If y is consumption, x is income, and $\displaystyle{ \epsilon }$ is whims of the consumer, and we are estimating $\displaystyle{ y_i = \beta x_i + \epsilon_i, }$ then if richer consumers' whims affect their spending more in absolute dollars, we might have $\displaystyle{ Var(\epsilon_i) = x_i \sigma^2, }$ rising with income, as in matrix C above.[5]

## Testing

Residuals can be tested for homoscedasticity using the Breusch–Pagan test,[6] which performs an auxiliary regression of the squared residuals on the independent variables. From this auxiliary regression, the explained sum of squares is retained, divided by two, and then becomes the test statistic for a chi-squared distribution with the degrees of freedom equal to the number of independent variables.[7] The null hypothesis of this chi-squared test is homoscedasticity, and the alternative hypothesis would indicate heteroscedasticity. Since the Breusch–Pagan test is sensitive to departures from normality or small sample sizes, the Koenker–Bassett or 'generalized Breusch–Pagan' test is commonly used instead.[8] From the auxiliary regression, it retains the R-squared value which is then multiplied by the sample size, and then becomes the test statistic for a chi-squared distribution (and uses the same degrees of freedom). Although it is not necessary for the Koenker–Bassett test, the Breusch–Pagan test requires that the squared residuals also be divided by the residual sum of squares divided by the sample size.[8] Testing for groupwise heteroscedasticity requires the Goldfeld–Quandt test.

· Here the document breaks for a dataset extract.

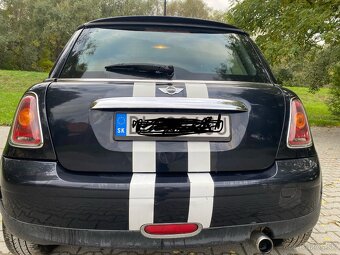 Krásny mini-cooper - 3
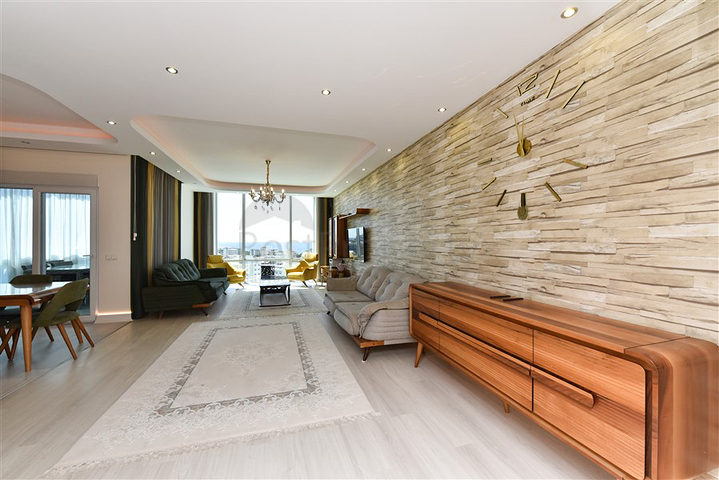 Меблированный пентхаус 4+1 с видом на море в Махмутларе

## Homoscedastic distributions

Two or more normal distributions, $\displaystyle{ N(\mu_i,\Sigma_i) }$, are homoscedastic if they share a common covariance (or correlation) matrix, $\displaystyle{ \Sigma_i = \Sigma_j,\ \forall i,j }$. Homoscedastic distributions are especially useful to derive statistical pattern recognition and machine learning algorithms. One popular example of an algorithm that assumes homoscedasticity is Fisher's linear discriminant analysis.

The concept of homoscedasticity can be applied to distributions on spheres.[9]